Kadınlar arasında çok sayıda normal doğum yapmak ve iri bebek dünyaya getirmek, yaşlanma menepoz gibi nedenler, kalın bağırsağı leğen kemiği (pelvis) içinde tutan bağların zayıflamasına ve son kısmı olan rektumun makattan dışarı çıkmasına neden olabilmektedir.

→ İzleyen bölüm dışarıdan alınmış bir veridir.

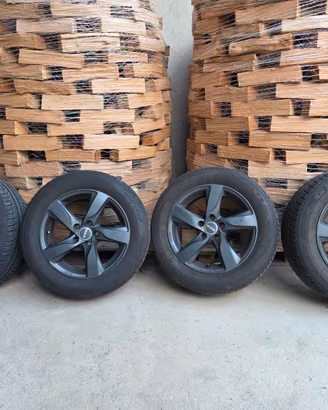 Gomme 4 stagioni 205/60R16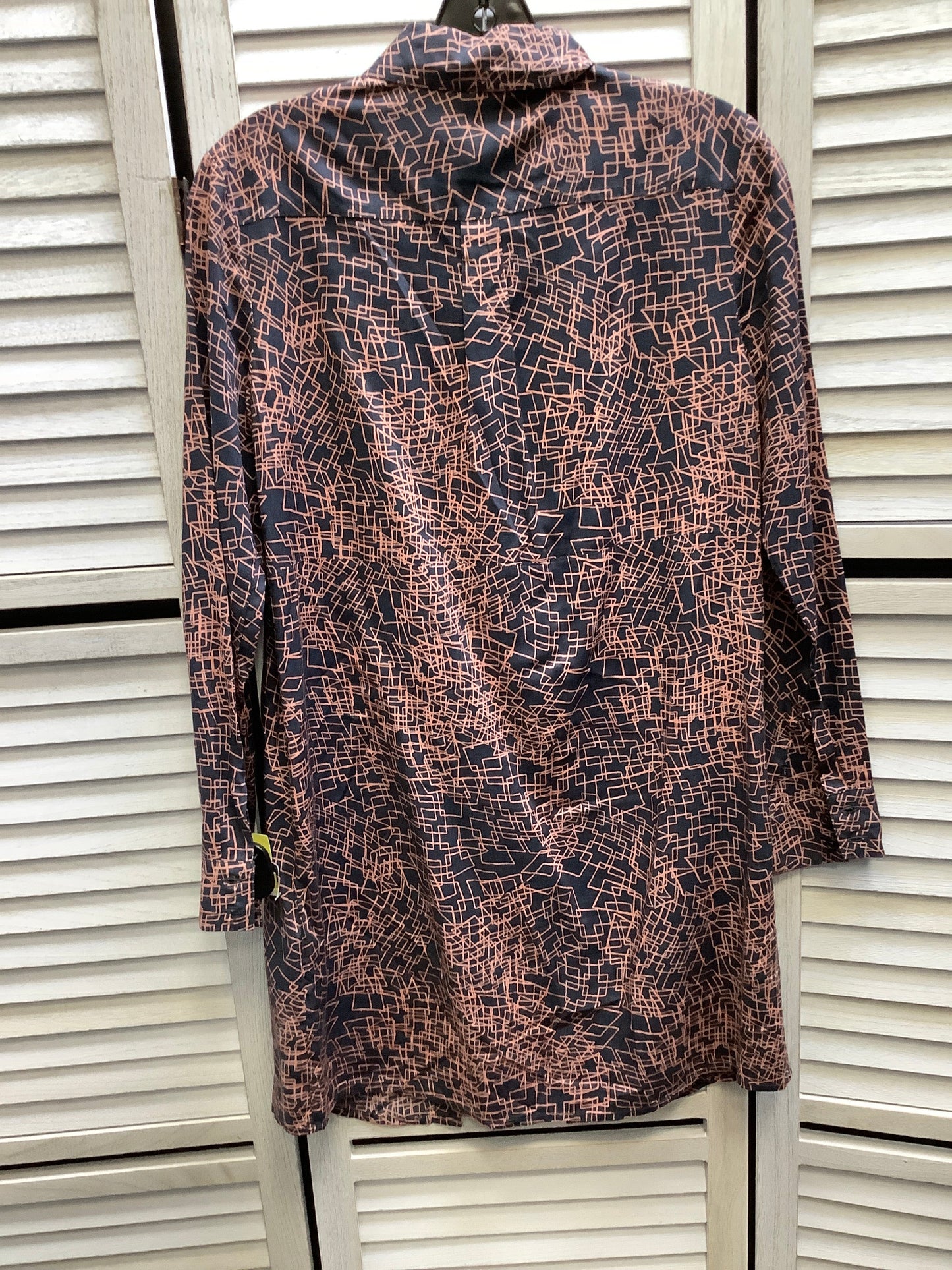 Dress Casual Short By Banana Republic In Geometric, Size: Xs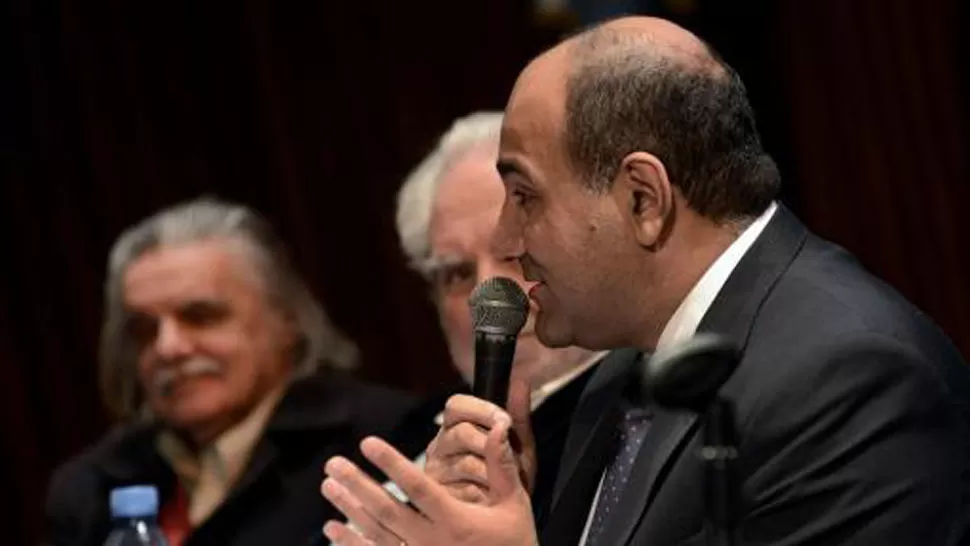 EXPOSICIÓN. “Podemos sentirnos orgullosos de nuestra historia sanitaria”, aseguró Manzur durante la presentación de su libro. TÉLAM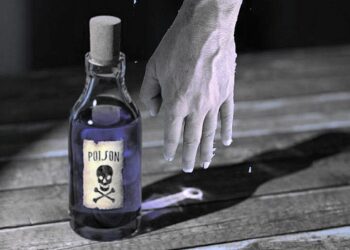 যোগী রাজ্যে অভাবের তাড়নায় তিন শিশুসন্তানের সঙ্গে বিষপান গৃহবধুর, মৃত মহিলা ও তাঁর ছেলে,আশঙ্কাজনক দুই শিশুকন্যা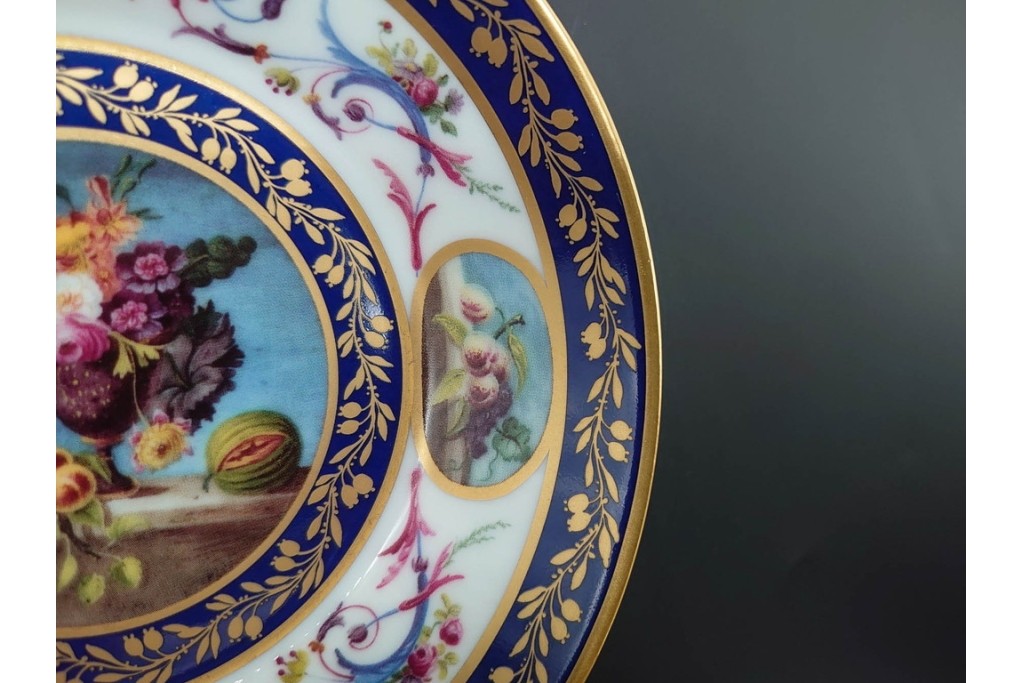 フランス　ROYALE LIMOGES(ロワイヤル リモージュ)　気品漂うカップ&ソーサー　(R-090414)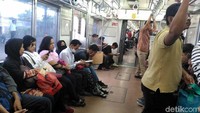 Di dalam kereta yang memiliki 12 gerbong ini kondisi dipenuhi dengan para penumpang. Namun, selepas melewati stasiun Bekasi terlihat kondisi gerbong mulai lenggang.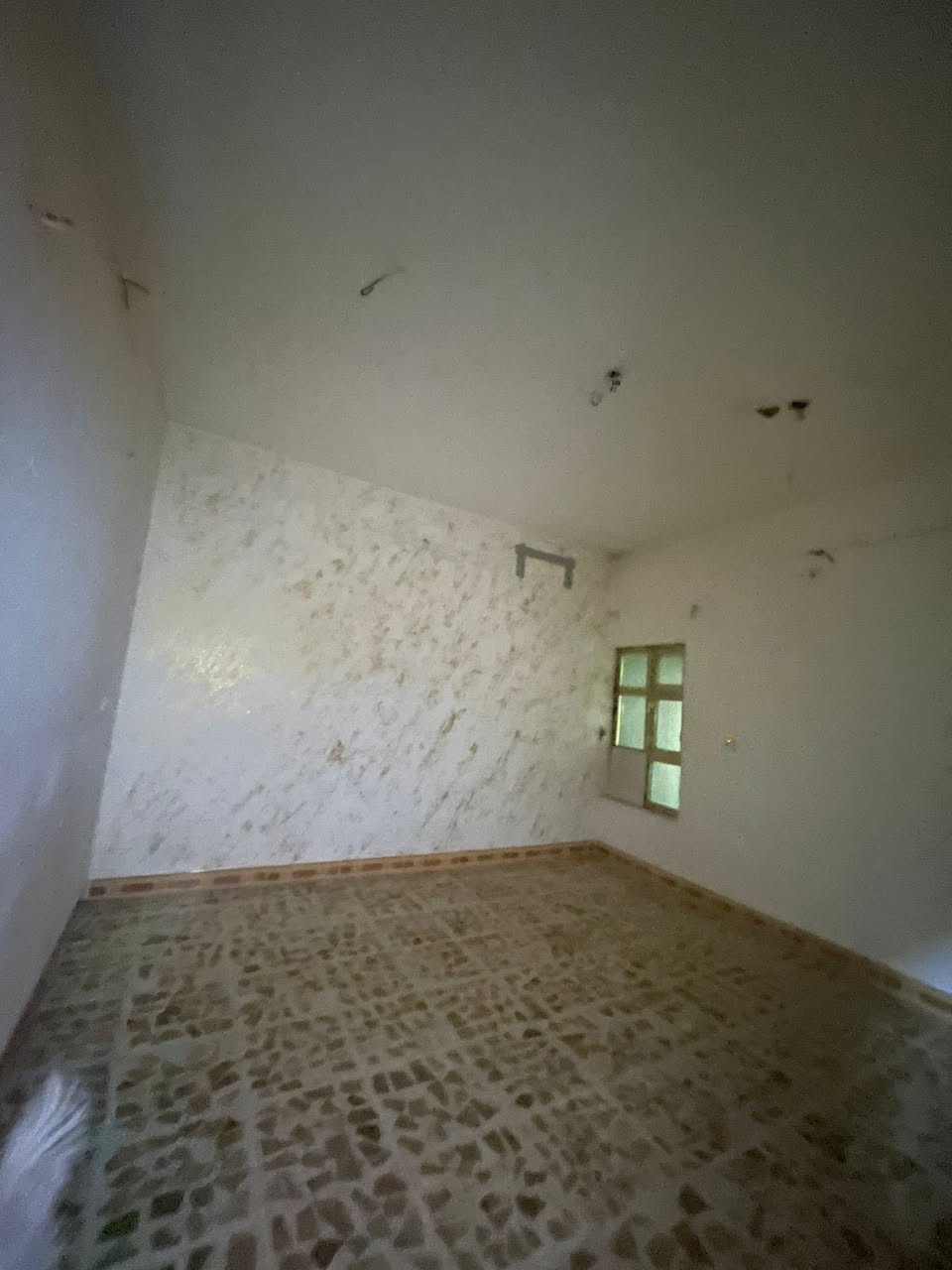 #دار للإيجار طابق ارضي بناء نضيف  موقع جدا مميز  

#العنوان كركوك  - حي عدن -  قرب قاعة فتنس

المساحة 250 مـتر  الواجهة 10

غرف نوم عدد 2 - هول - استقبال - مطبخ   - صحيات عدد 2  - كراج سيارة  -

 للاستفسار الاتصال *********** رشوان المفرجي 
 ‭ ٠٧٧٣ ٤٥٩ ٢٧٦٩‬ ‬

 يتوفر واتساب - تلكرام  

او مراجعة مكتب [ البيرق للعقارات ]حي عدن سايدين مدينة العاب كركوك  قرب جامع تحسين صوراني مقابل ثانوية امداد للبنات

Yaşlılık(genç ve çocuk hastalardada görülebilir), zayıflık, çok doğum,çeşitli barsak hastalıkları (kronik kabızlık ishal) anal kasların yetersizliği sinir hasarı çeşitli ameliyatlar (histerektomi) nedeniyle olabilir Yaşlılık, hem barsağın asıcı bağlarında zayıflamaya neden olmakta hem de makatı kontrol eden ve etrafındaki kaslarda güçsüzlük gelişmesine neden olarak barsağın sarkmasına zemin hazırlamaktadır. Bunun dışında kabızlık ve kabızlığa bağlı olarak aşırı ıkınma rektal prolapsus gelişmesine sebep olan diğer bir önemli nedendir. Daha nadir olarak omurilik yaralanmaları ve çeşitli nörolojik hastalıklarda da rektal prolapsus görülebilmektedir.
Makattan barsağın sarkması kişiyi doktora getiren en önemli bulgudur. Beraberinde kanlı veya sümüksü akıntı, kabızlık, dışkı tutamama, makat çevresinde ağrı, makatta dolgunluk hissi ve ağrılı dışkılama çok sık görülen semptomlardır. Özellikle yaşlı kadın hastalarda leğen kemiği kaslarının zayıflığına bağlı olarak idrar torbasının (mesane), döl yolu (vajen) ve/veya rahim (utrerus) sarkması da görülebilmektedir. Böyle bir durumda kişide idrar kaçırma meydana gelebilmektedir. Ayrıca dışkılama ile ilgili sıkıntı olmasından dolayı karında şişkinlik ve müphem bir karın ağrısı da rektal prolapsus olan bireylerde görülebilmektedir.
Bazı bulgular hemoroidle (basur-mayasıl) benzerlik göstermektedir. Kanama ve makatta ele kitle gelmesi (sarkan bağırsak dokusunun dışarı çıkması sonucu) gibi belirtiler birbirine benzese de rektal prolapsusta kalın bağırsağın makattan dışarı ve içeri doğru hareketi ve sarkması söz konusudur. Hemoroidler (basur) ise anal bölgeye (makata) yakın damar keseciklerinin genişlemesi sonucu oluşur.
Çoğu zaman kişinin şikâyetleri, dikkatli bir sorgulama ve iyi bir fizik muayene ile hastalığın tanısı konulabilmektedir. Yatar pozisyonda ıkınma ile prolapsus gözlenemiyorsa çömelir pozisyonda kişinin ıkınması istenebilir. Bazende prolapsus makatın dışına çıkmadan kalın barsağın birbiri içine geçmesi tarzında da olabilir. Böyle bir durumda videodefekografi (dışkılama sırasında çekilen özel bir röntgen filmi) yararlı olabilir. Bu yöntemle, hasta bağırsak hareketleri yaptığı sırada grafiler çekilir. Bunun sonucunda hastanın nasıl tedavi edileceği planlanabilir ve ameliyat tipine karar verilebilir.
Tanıdan ziyade uygulanacak tedavinin belirlenmesi açısından, anal manometri de yapılabilir. Bu testle anüs (makat) etrafındaki kasların fonksiyonları ve anüs ile rektum arasındaki koordinasyon incelenebilir. Bu hastalık daha çok ileri yaş grubunda görüldüğü için kişide olabilecek kalın barsak kanserini (Yaşla birlikte görülme riski artması nedeniyle) atlamamak açısından doktorunuz, kolonoskopi ve fleksible sigmoidoskopi önerebilir.
Cerrahi, rektal prolapsus tedavisinde başlıca tedavi seçeneğidir. Hastanın yaşı, kabızlık, dışkı tutma durumu, prolapsusla beraber olan diğer organ sarkmaları (idrar torbası, rahim ve döl yolu) ve eşlik eden yandaş hastalıklar (göğüs, kalp, ve şeker hastalığı gibi) ameliyat seçimini etkileyen faktörlerdir. Burada ameliyat seçimi standart bir ameliyattan çok kişiye özel bir ameliyat olmalıdır.
Kabızlık ve büyük abdest tutamama gibi şikayetler genelde hastaya göre ve tedavi şeklinin iyi bir kombinasyonu yoluyla olmalıdır.
Her cerrahi tedavi metodundan sonra olabileceği gibi hastalığın tekrarlaması idrar ve büyük abdest yapmakta zorluklar vb gibi istenmeyen durumlarla sonuçlanabilir.